Last week I emptied my Comic-Con notebook with
thoughts on the various digital comics panels I attended, and how the iPad and digital comics in general have affected the comics industry. But there was one more trend I noticed at Comic-Con that I wanted to mention before it finally fades out of my rear-view mirror, and it has to do with iOS apps.
Being on the floor of Comic-Con is like being in the middle of a pop-culture blender. Every conceivable bit of intellectual property from every company in the entertainment industry is on display. Yes, of course there’s Spider-Man and Batman and the zombies from The Walking Dead. But look! Over there, it’s LL Cool J, star of the CBS crime procedural NCIS: Los Angeles. Why is Mr. J signing autographs at Comic-Con? No idea! But if it’s part of the entertainment world, it’s at Comic-Con.
Which is why I was taken by the number of times I spotted stuff at Comic-Con that had previously been relegated to the home screen of my iPhone and iPad.
Angry Birds was going to be there. And boy, was it there. In a sort of revenge for not having any stuffed toys ready for Christmas 2010, Comic-Con’s halls were absolutely plastered with Angry Birds plushies this year. Suffice it to say, if you want a mean green pig or a pointy-faced yellow bird in your stocking this year, you will not be disappointed.
More interesting were the cross-overs between the iOS games market and the comics industry itself. I stopped by the Ape Entertainment booth when I realized that Dave Castelnuovo and Allan Dye, the creators of the popular iOS game
Pocket God were standing there. Why in the world was Pocket God at Comic-Con? (This was before I saw LL Cool J, mind you.)
It turns out that Bolt Creative’s Pocket God is not just an iPhone game that my kids and millions of other people are obsessed with. It’s now a multimedia entertainment property. There have been five issues in
Ape Entertainment’s Pocket God comics series, available in both print and
in digital form as an iOS app. Castelnuovo (who Philip Michaels interviewed
on a recent Macworld Podcast) said the company distributed 150,000 copies of the first issue, and subsequent issues have sold a total of 150,000 copies more.

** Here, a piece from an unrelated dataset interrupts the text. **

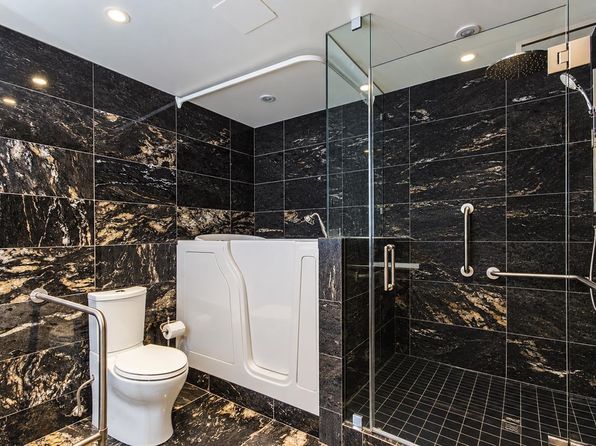 3 bedroom rental in Vancouver — photo 16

Three hundred thousand comics? That’s a really big number, and it speaks to the growing power of the iOS game market to create a whole new generation of characters along the lines of Nintendo’s Mario family.

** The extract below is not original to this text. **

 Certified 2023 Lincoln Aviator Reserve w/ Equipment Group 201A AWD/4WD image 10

But the pygmies of Pocket God aren’t the only characters going from app to comics. There’s Om Nom, the protagonist of
Cut the Rope. There’s a
Cut the Rope comic coming, from the same people who produced the Pocket God comic.
And then there’s SkyVu’s
Battle Bears, a first-person shooter featuring cute teddy bears and maximum stuffed carnage. Not only were there cute Battle Bears plush animals on the show floor, but—you guessed it—there’s also a
Battle Bears comic.
No word on if we’ll soon be seeing a
Super Stickman Golf comic—though even LL Cool J would agree that such a comic would be totally awesome—but at this point, nothing would surprise me.